Nous n'étions certes pas à Marcoussis, malgré ma demande de participer au CNR national. Cela dit, au regard des enjeux, nous avons participé aux travaux du CNR Bien-vieillir, pour lequel nous avons soumis une contribution des CCAS et CIAS. Concernant la PPL, qui, soit dit en passant, est restée bloquée dans la navette parlementaire, nous avons porté des propositions, notamment pour structurer le nouveau service public de l'autonomie, prévenir les publics à risque lors des épisodes de canicule, ou encore proposer que le Parlement vote une loi de programmation pluriannuelle pour préparer la transition démographique et prendre en compte la situation de certains territoires, comme la Guadeloupe et la Martinique, où le vieillissement de la population est déjà très avancé. Mais malgré les avancées permises par l'engagement de certains parlementaires, il ne s'agit pas de la grande loi Grand âge promise par Emmanuel Macron. Je le regrette.
Vous évoquez un G9 des solidarités. De quoi s'agit-il ? Quel impact pour les plus âgés ?

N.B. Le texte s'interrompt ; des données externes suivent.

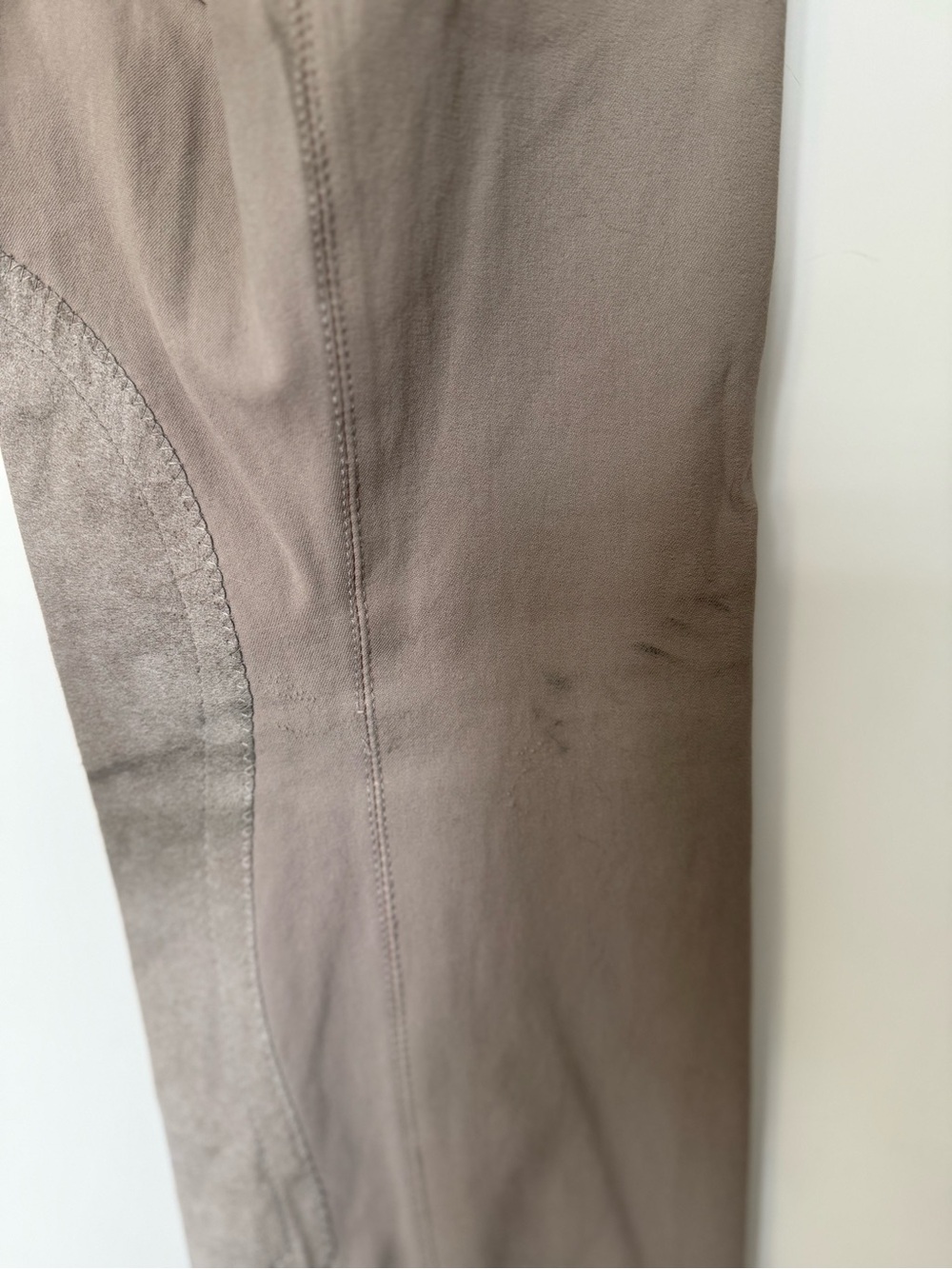 Tailored Sportsman 26L Trophy Hunter Breeches in Lustre - Picture 9 of 13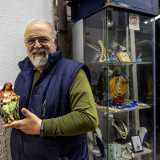 �Tra queste mura custodisco ben 4.000 pezzi � conclude orgoglioso l�artigiano prima di salutarci -. Ci sono quelli pi� comuni a sculture uniche che produco solo io in tutta la Puglia. Perch� il presepe � passione, � arte�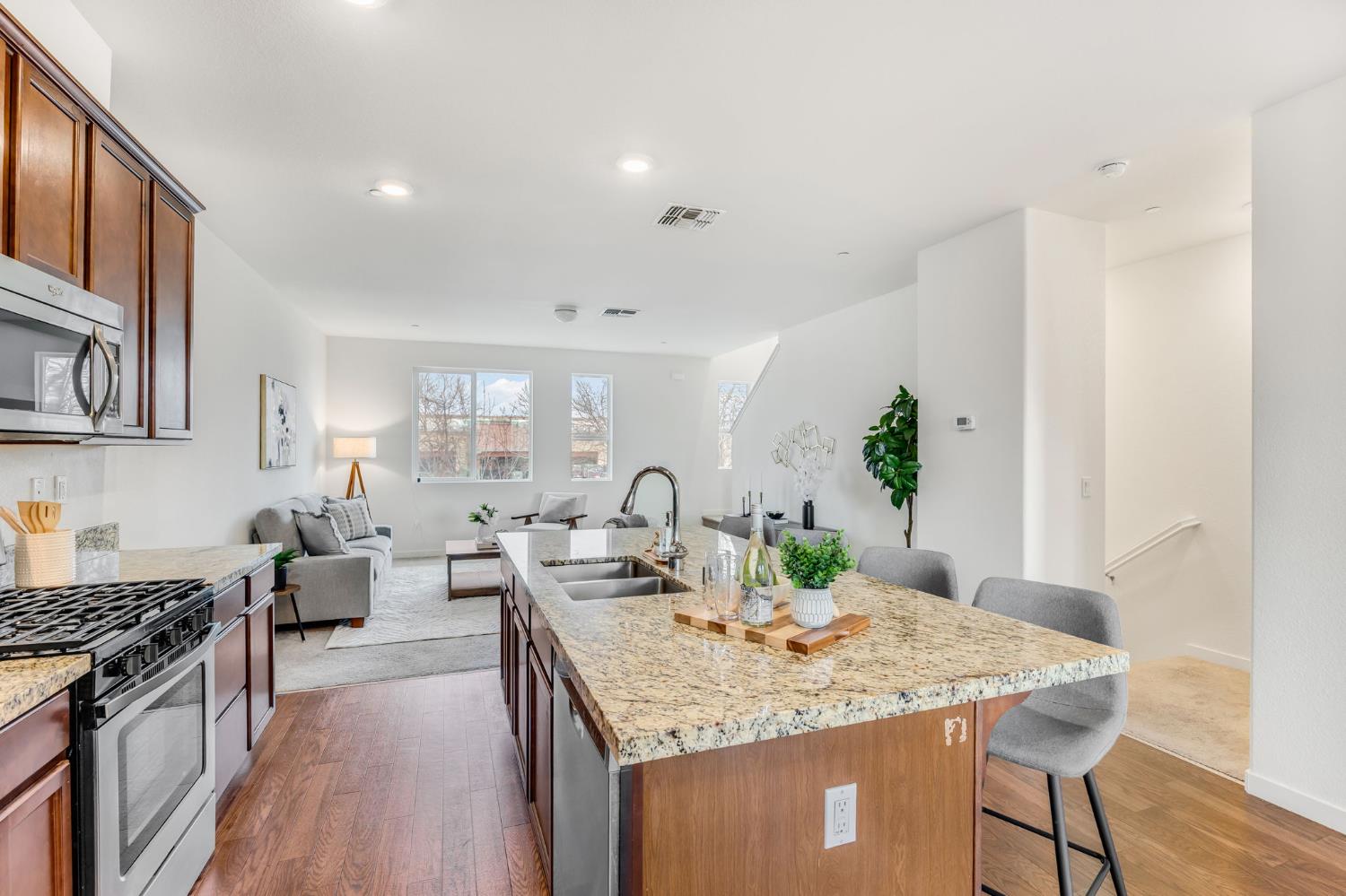 10946 International Drive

À la suite du discours de clôture du Congrès des maires 2022 par la Première ministre, nous avons été saisis par l'étendue du désintérêt du Gouvernement pour les politiques de solidarités. C'est pourquoi j'ai souhaité tendre la main à nos collègues des autres associations d'élus locaux, pour travailler ensemble sur les défis qui se posent aux collectivités dans ce domaine. Vous connaissez l'adage : seul on va plus vite, ensemble, on va plus loin. C'est l'objectif de ce projet : jeter des ponts nécessaires pour renforcer nos complémentarités et peser collectivement sur les décisions nationales. J'espère voir ce partenariat se mettre concrètement en place d'ici la fin de l'année. Pour les plus âgés, l'impact espéré est une politique publique à la hauteur des enjeux, qui remette la personne et ses proches au coeur du dispositif d'accompagnement. Ce qui veut dire des personnels qualifiés, en nombre suffisant et justement rémunérés ; des structures adaptées à l'évolution des besoins ou aux changements climatiques par exemple ; des élus soutenus dans leurs démarches de villes inclusives à tous les niveaux : accès aux droits, logement, mobilités, activités créatrices de lien social, emplois de proximité, etc. Au-delà des enjeux démographiques, nous sommes là face à une vraie question de société. Puissions-nous être collectivement à la hauteur.